Theater Review: From Page to Stage — Shakespeare’s “The Rape of Lucrece”

Dan Hodge turns two hundred and fifty stanzas of Shakespeare’s rhyme royal into the stuff of a high-class poetry slam: for an hour and twenty minutes, the performer holds the audience spellbound.

The Rape of Lucrece by William Shakespeare. Adapted and performed by Dan Hodge. Presented by Peterborough Players, 55 Hadley Road, Peterborough, NH, through September 13.

Dan Hodge in his adaptation of Shakespeare's "The Rape of Lucrece." Photo: Courtesy of the Peterborough Players.

Dan Hodge performing in his adaptation of Shakespeare’s “The Rape of Lucrece.” Photo: Courtesy of the Peterborough Players.

By Jim Kates

This is what I’d like summer stock theater in general and the Peterborough Players in particular to be doing a lot more of: risk something genuinely new or classically old — in this case both at the same time — something to stretch the audience. But, of course, there’s no box office in it, so I should be grateful that at least they slipped it in at the end of the season. You have just this weekend to catch it.

What Dan Hodge does with William Shakespeare’s Rape of Lucrece is to take the poet straight for the most part and get out of his way, where others might be tempted to trick out the difficult old diction and strain unnecessarily to catch attention with shticks and doodads. Hodge knows he doesn’t have to do that. He trusts his author and turns two hundred fifty stanzas of rhyme royal (ababbcc, if you care) into the stuff of a high-class poetry slam, an hour and twenty minutes of performance that holds the house spellbound from beginning to end.

Only at the very outset does he intrude himself enough to slide us into the text, and he does that within a single stanza.

The Rape of Lucrece was not written for the stage, athough it contains much that is recognizable from the plays, even whole phrases, lines and scenes (Lucretius holding his dead daughter in his arms might be rehearsing Lear) and it can look complicated and dense on the page. But it was written to be declaimed, and Shakespeare can always be illuminated by putting his work in front of the footlights. Hodge illustrates the narrative with skill and variety, translating the words into his body almost at times like an ASL interpreter interchanging verbal and physical language.

The story itself is not at all complicated. It is one of the founding myths of Roman history, in which the arrogance of the seventh king was inherited by his son Sextus Tarquinius, who used his power to have his dastardly way with the virtuous wife of an upstanding citizen. This rape and Lucretia’s subsequent suicide focused the outrage of the Roman people spurred on by her husband, her father, and Junius Brutus (whose great, great, umpteenth grandson will be impelled by his heritage to assassinate Julius Caesar). They expelled the whole Tarquin family from Rome, abolished the monarchy and established a republic.

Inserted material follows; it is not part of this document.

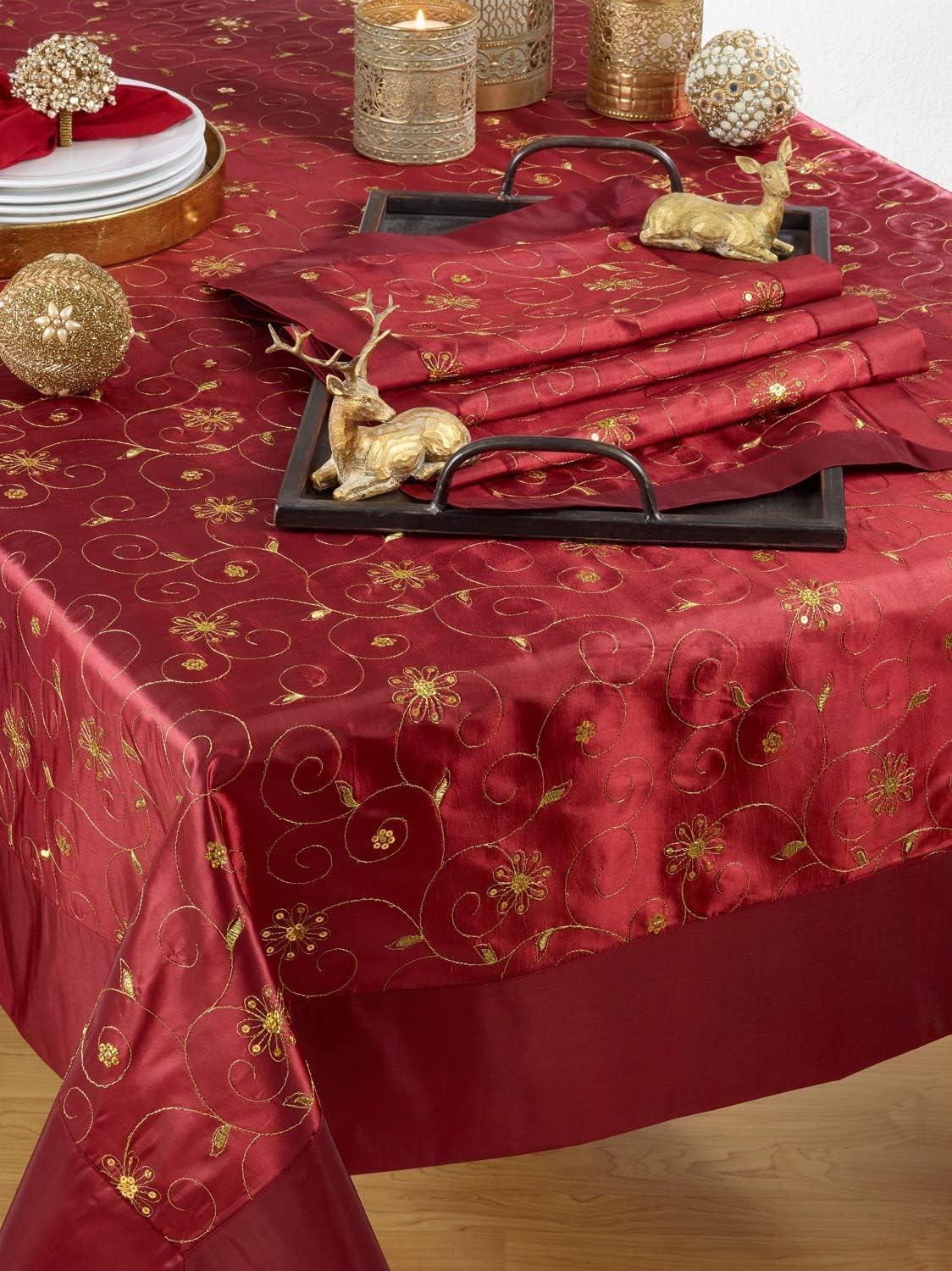 Fennco Styles Elegant Sequined & Embroidered Christmas Table Runner 16" W x 108" L - Burgundy Floral Table Cover for Home, Dining Room, Banquets, Winter Holidays, Family Gatherings and Special Events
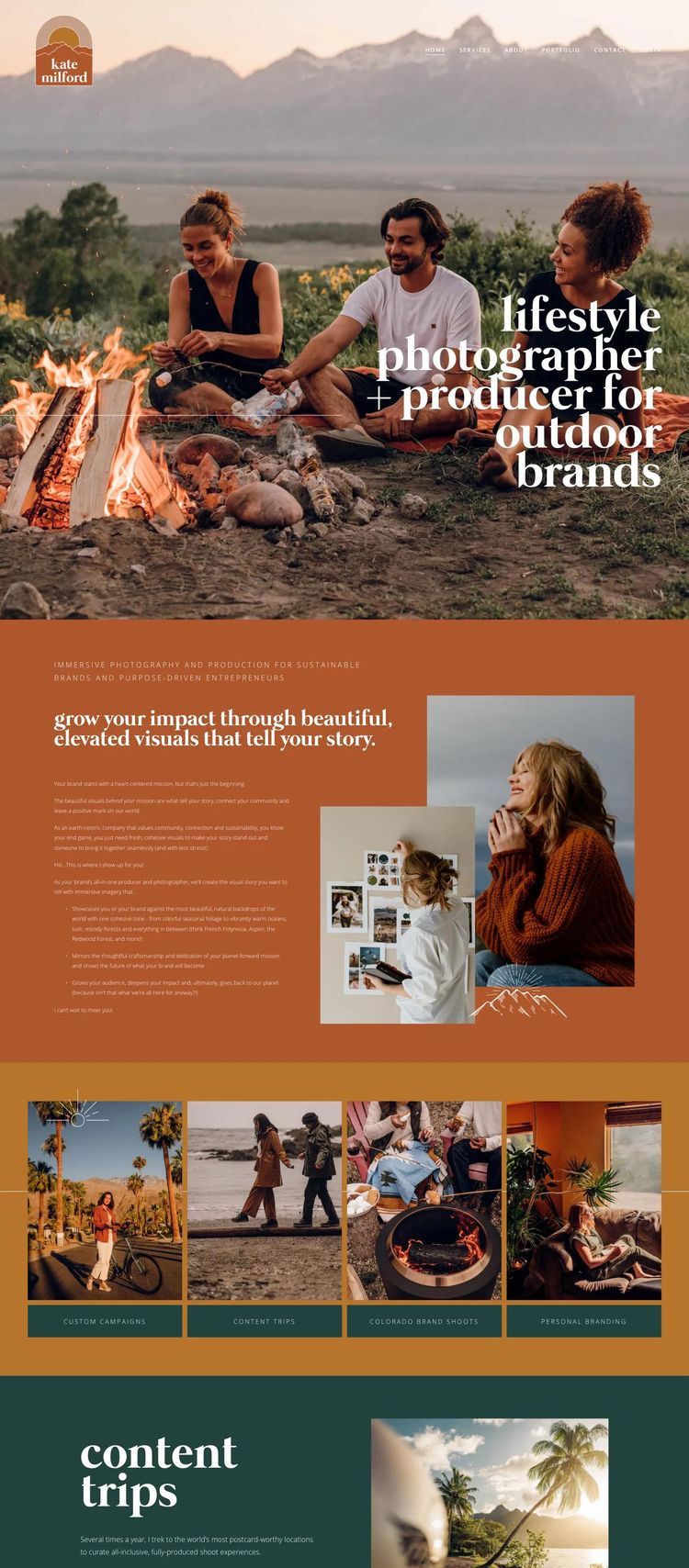 Screenshot 2 of Kate Milford Productions (Example Squarespace Photography Website)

Shakespeare dropped the politics except for a nodding reference at the end, either because he assumed everybody already knew the history or because he deemed it too politically suggestive and dangerous. Instead, he concentrated on the psychology and the atmosphere. Almost a fifth of the poem is given over to the exploration of Tarquin’s vacillations and justifications, and a similar chunk to Lucrece’s agonized range of reactions to her violation — from anger through self-blame — that are all too familiar to our modern sensibilities.

Modern sensibilities are what Hodge so deftly taps into. One member of the first-night audience compared the adaptor-actor’s presentation to good rap, the rhymes and meanings carrying each other and the listener over any rough spots. He is so at home with Shakespeare’s rhythms that he lets them take care of themselves and plays for the drama, trusting the words themselves for the poetry.

The production is at its most contemporary in its very last word. Shakespeare ends the poem with “Tarquin’s everlasting banishment.” For those conscious of the historical context, this is heavy and condign punishment, revolutionary, in fact. But for those whose context is different, “banishment” may feel too light a sentence for the crime and its consequences, letting Tarquin off easy. Hodge simply repeats the word “banishment” with a slight pause, giving it a tinge of irony.

And so, to the very end, risk: old, new, challenging the audience, which rose to the challenge, on the first night, with a standing ovation.


Jim Kates is a poet, feature journalist and reviewer, literary translator and the president and co-director of Zephyr Press, a non-profit press that focuses on contemporary works in translation from Russia, Eastern Europe and Asia. His translation of Mikhail Yeryomin: Selected Poems 1957-2009 (White Pine Press) is the winner of the second Cliff Becker Prize in Translation.